For the past two months, bulldozers and backhoes have been tearing up dozens of busy city streets, gouging deep gulches for new drainage pipes and dumping piles of gravel, dirt and tangled steel bars in the middle. Workmen swarm between lines of traffic, hopping in and out of ditches and shouting through the din.
The ambitious, $45 million project — financed largely by the government of Japan and supervised by the Kabul mayor’s office — will eventually produce 60 miles of smooth pavement and modern drainage in an aged, war-savaged capital where the population has exploded from 2 million to 5 million in the past decade.
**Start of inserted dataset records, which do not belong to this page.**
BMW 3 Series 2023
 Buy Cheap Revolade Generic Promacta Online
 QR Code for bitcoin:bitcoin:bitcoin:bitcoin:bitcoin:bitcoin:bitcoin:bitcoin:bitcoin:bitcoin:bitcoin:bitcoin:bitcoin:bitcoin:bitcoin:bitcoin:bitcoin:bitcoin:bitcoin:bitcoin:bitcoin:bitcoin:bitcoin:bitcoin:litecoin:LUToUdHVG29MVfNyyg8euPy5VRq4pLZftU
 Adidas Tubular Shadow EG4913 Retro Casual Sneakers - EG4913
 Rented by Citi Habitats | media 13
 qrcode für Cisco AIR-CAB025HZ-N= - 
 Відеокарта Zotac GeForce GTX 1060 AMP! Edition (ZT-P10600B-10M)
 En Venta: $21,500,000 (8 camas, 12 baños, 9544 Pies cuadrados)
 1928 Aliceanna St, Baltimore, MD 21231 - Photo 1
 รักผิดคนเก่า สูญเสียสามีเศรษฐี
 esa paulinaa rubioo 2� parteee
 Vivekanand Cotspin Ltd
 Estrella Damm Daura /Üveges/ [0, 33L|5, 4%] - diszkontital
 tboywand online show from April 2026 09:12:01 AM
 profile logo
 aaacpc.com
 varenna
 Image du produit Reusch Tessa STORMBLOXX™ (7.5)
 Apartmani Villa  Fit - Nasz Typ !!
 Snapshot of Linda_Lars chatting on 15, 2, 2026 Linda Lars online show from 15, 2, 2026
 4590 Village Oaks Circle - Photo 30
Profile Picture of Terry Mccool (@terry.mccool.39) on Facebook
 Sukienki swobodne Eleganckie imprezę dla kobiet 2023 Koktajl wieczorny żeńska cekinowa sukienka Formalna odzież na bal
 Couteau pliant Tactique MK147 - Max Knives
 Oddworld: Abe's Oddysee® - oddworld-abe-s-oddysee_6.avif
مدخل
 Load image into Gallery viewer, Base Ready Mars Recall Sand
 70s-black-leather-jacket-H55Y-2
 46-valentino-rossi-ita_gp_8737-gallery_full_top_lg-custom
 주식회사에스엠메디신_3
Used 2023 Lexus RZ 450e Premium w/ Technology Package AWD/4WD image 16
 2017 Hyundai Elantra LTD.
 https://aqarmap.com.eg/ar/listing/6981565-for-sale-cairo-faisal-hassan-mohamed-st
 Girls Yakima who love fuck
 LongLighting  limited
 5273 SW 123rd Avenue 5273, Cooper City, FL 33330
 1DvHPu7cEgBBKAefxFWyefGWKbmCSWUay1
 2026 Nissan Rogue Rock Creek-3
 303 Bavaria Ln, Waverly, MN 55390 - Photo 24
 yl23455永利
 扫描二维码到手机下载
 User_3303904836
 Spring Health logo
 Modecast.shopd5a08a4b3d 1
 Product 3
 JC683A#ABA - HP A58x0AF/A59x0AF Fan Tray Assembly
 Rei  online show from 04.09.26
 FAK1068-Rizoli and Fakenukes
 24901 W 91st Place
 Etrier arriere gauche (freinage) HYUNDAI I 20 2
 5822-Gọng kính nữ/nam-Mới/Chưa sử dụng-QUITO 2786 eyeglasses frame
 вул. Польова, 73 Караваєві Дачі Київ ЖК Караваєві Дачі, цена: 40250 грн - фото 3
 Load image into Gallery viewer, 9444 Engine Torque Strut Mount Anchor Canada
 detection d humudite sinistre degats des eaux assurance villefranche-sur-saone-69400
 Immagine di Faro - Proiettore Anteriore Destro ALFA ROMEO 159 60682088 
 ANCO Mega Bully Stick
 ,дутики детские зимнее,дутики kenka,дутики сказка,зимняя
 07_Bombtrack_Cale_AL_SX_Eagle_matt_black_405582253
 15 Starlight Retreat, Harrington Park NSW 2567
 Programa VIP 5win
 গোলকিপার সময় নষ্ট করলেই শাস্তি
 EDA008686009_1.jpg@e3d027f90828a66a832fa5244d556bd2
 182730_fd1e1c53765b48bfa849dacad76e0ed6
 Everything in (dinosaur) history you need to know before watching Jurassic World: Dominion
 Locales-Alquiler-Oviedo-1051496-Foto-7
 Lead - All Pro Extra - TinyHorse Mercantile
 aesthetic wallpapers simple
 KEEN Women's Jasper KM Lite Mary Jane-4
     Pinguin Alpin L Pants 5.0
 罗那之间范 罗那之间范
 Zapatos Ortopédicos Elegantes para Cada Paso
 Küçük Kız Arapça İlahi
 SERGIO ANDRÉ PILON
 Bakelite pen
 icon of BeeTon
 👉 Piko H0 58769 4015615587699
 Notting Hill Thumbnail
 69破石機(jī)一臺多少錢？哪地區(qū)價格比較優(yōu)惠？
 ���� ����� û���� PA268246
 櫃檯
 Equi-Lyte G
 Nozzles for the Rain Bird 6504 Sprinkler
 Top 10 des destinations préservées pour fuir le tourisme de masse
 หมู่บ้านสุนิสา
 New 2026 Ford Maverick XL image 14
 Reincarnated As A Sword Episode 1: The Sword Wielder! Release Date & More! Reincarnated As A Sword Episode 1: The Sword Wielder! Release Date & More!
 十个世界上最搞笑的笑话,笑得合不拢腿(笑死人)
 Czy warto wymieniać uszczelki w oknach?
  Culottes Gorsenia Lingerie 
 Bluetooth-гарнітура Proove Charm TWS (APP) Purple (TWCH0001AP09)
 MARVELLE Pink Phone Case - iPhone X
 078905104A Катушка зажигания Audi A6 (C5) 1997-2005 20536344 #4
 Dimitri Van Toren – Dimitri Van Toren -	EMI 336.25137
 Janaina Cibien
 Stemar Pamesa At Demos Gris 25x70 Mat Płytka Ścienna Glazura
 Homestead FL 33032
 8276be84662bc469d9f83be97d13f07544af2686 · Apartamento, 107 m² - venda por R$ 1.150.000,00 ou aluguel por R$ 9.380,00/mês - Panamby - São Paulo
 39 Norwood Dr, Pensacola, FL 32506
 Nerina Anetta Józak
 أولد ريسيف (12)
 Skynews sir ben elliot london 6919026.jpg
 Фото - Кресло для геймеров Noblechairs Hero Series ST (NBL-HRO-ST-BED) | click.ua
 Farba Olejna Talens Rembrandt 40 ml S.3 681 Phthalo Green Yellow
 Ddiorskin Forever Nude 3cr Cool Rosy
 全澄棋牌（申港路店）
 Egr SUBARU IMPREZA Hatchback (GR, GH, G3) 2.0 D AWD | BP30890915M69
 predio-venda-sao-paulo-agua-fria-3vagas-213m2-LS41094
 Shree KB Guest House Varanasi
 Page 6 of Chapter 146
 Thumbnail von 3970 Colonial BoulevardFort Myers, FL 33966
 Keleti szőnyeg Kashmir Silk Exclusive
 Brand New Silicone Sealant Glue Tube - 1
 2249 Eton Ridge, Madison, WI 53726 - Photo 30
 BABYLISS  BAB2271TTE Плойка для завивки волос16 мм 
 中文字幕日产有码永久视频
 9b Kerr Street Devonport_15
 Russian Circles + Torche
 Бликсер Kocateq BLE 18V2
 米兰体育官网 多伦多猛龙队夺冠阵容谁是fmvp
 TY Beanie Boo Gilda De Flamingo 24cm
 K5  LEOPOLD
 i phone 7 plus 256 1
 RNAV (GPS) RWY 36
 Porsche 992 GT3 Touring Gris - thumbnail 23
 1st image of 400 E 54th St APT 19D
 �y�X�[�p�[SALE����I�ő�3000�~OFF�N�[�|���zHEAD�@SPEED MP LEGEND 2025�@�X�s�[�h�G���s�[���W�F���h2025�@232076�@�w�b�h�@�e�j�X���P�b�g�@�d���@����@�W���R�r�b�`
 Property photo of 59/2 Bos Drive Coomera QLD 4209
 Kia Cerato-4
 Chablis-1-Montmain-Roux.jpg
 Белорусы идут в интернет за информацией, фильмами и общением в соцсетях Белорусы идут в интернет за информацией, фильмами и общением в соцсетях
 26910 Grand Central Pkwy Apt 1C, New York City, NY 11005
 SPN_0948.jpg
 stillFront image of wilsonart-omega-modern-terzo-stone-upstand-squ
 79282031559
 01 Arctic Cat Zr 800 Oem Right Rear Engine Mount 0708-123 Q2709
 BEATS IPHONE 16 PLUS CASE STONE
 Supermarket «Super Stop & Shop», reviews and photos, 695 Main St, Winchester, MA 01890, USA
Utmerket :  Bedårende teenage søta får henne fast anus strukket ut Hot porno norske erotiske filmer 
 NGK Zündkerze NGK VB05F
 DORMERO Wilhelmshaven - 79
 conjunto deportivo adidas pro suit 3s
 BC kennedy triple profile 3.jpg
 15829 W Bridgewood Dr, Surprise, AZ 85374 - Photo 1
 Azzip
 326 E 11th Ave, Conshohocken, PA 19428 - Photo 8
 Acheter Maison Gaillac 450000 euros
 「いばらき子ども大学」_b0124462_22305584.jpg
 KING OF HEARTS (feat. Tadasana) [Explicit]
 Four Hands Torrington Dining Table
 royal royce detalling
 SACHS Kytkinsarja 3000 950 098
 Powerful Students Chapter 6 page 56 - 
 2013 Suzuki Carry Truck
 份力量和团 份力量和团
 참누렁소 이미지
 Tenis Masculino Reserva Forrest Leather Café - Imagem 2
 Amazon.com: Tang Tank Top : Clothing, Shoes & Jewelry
For now, though, it has produced mostly chaos and complaints.
“I can’t sleep at night because the machines are so loud, and I can’t breathe during the day because of all the dust,” said Mir Hazrat, 70, the caretaker of a mosque in the Qalai-Fatullah district. He and his friend Fahim Hasibullah, a legless land-mine victim in a wheelchair, spend their days on the sidewalk, watching the work inch ahead. “I just pray they get done before the snow comes,” Hazrat says darkly.
The tumult is most intense along the 10-block commercial stretch between Qalai-Fatullah and Shar-i-Nau, which is lined with a hodgepodge of bakeries, barbers, fish markets, plumbing suppliers and fashion boutiques with mannequins in sequined gowns. Beggars, phone-card hawkers and onion-cart pushers complete the tableau, squeezing between stuck cars and mountains of rubble.
Mohammed Ismael, 65, owns a stylish real estate office on one of the worst-hit blocks. With no customers, he spent last week watching workmen pound metal struts into the ditch below his doorstep. “They should have done this years ago,” he said. “Now the foreigners are leaving, business is dead, and I can’t find a place to park my car.”
Like every project here, the street work has created an economic pyramid that reflects the stark stratification of Afghan society today. At the bottom are the jump-suited laborers, some in their 60s, who earn about $8 per day digging ditches and carrying loads. Many said they were jobless before the project started.
“I feel very lucky to have this job,” said Mohammed Karim, 38, leaning on his shovel. He said he left school after third grade, and has been working with his hands ever since. He spent years doing construction in Iran, but his visa expired last year and he was deported. His wife and six children live in northern Afghanistan’s Takhar province, and he takes a bus to see them once a month. “I bring them money to buy food, and then I come back,” he said.
Further up the ladder are the crew managers, safety inspectors and site engineers, who wear bright yellow vests and carry clipboards. They include Afghan university students working part-time and Pakistanis who have been brought by contractors because there are still not enough skilled Afghans to do technical tasks, even after a decade of international aid and education programs.